▸ **Aim of the exercise**
Write out exactly the lines below starting at the one containing "2004 Cadillac SRX SE-R" and ending at the one containing "Odsprzedaż - Kamienica". Omit every picture.

▸ **Data supplied**

※ ※ ※

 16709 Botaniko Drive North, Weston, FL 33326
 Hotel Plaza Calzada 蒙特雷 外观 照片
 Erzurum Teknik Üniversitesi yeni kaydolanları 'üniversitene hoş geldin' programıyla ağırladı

※ ※ ※

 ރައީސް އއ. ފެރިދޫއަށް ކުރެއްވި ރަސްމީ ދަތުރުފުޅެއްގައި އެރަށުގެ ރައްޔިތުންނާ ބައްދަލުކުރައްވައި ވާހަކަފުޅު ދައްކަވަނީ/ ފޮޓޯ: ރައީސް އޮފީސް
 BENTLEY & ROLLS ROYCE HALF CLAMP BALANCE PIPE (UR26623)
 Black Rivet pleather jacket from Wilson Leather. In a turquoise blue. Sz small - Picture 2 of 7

※ ※ ※

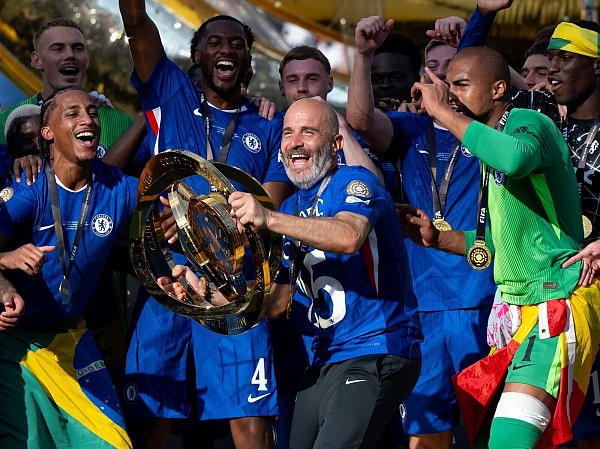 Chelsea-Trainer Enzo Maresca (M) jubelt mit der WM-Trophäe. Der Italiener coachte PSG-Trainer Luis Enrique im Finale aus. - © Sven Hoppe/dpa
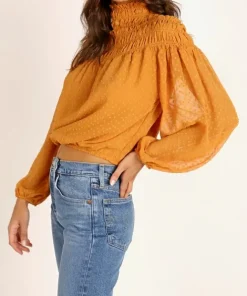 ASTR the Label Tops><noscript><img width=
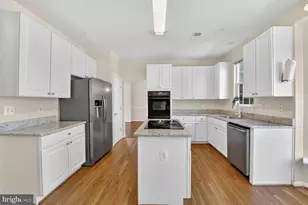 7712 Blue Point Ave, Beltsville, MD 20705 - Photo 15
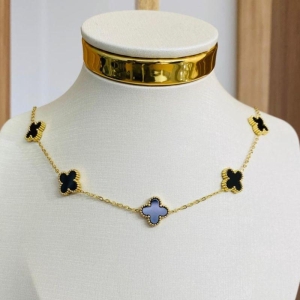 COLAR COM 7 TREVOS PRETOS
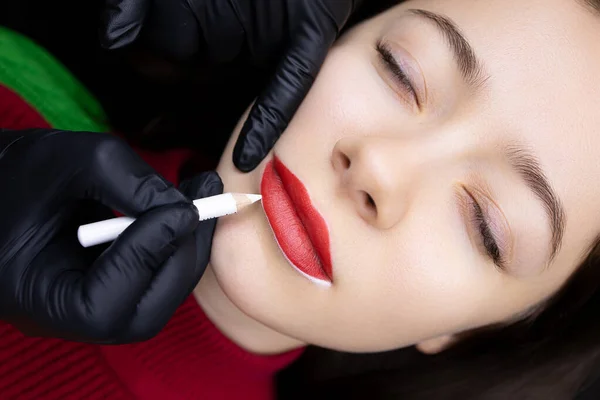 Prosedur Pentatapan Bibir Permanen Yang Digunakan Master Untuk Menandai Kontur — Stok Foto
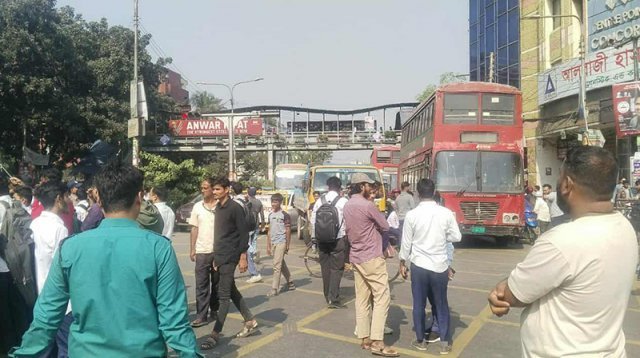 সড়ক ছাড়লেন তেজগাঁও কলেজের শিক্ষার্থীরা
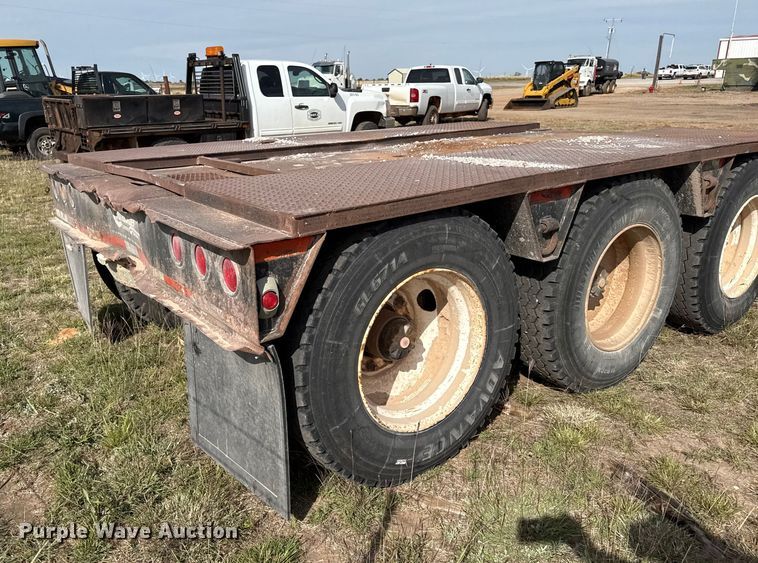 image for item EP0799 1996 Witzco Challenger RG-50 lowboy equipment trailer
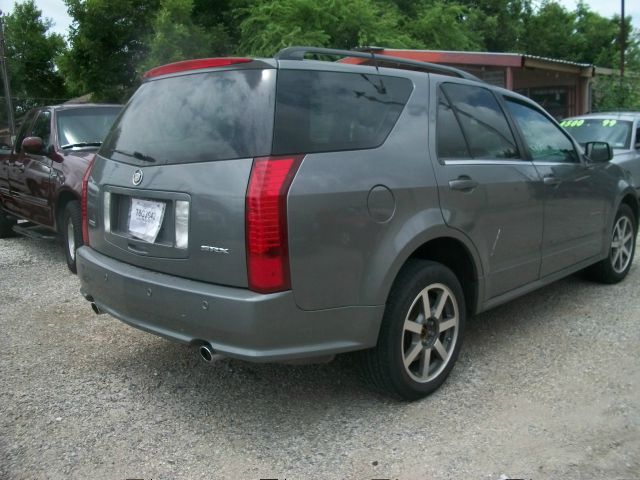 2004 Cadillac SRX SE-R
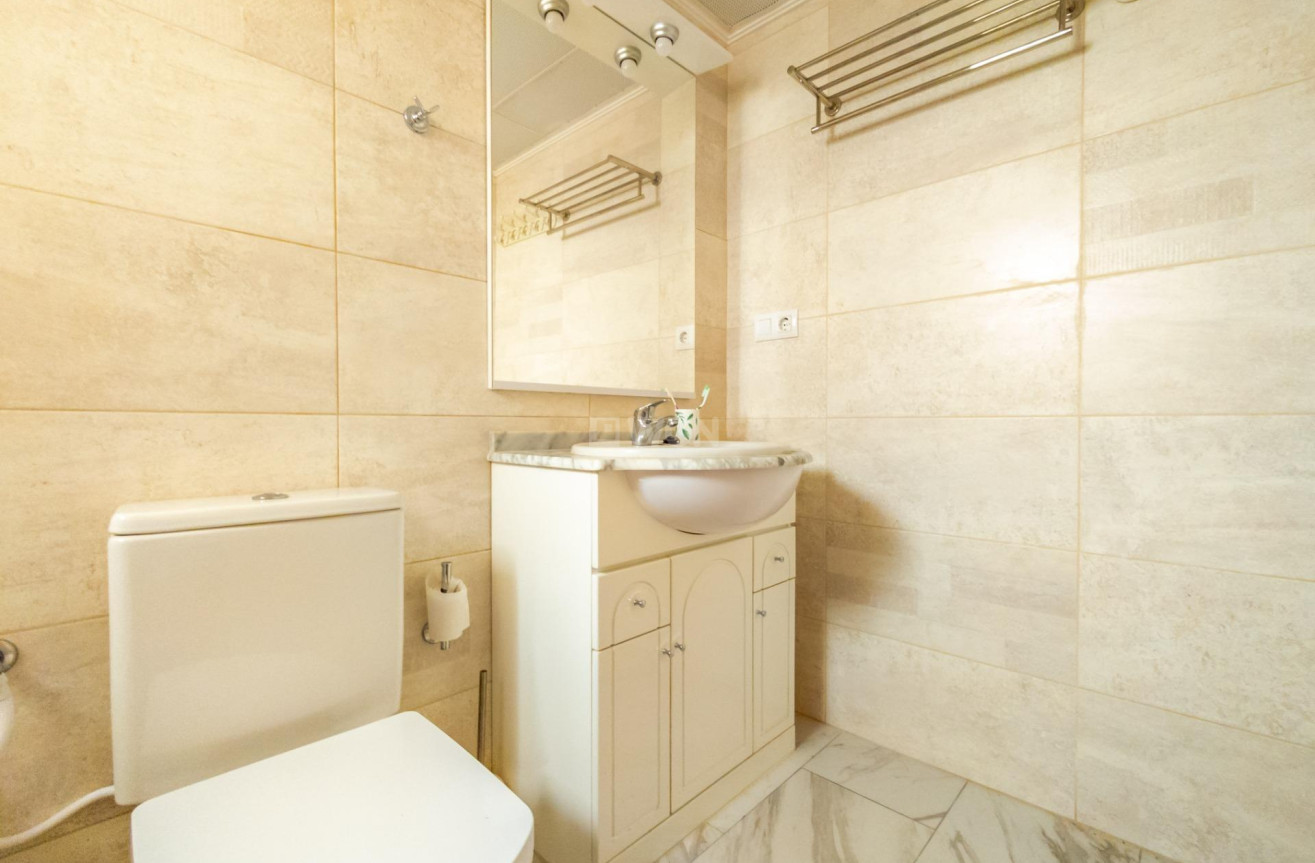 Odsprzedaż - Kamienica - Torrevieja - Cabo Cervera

※ ※ ※

▸ **Task output**
 2004 Cadillac SRX SE-R
 Odsprzedaż - Kamienica - Torrevieja - Cabo Cervera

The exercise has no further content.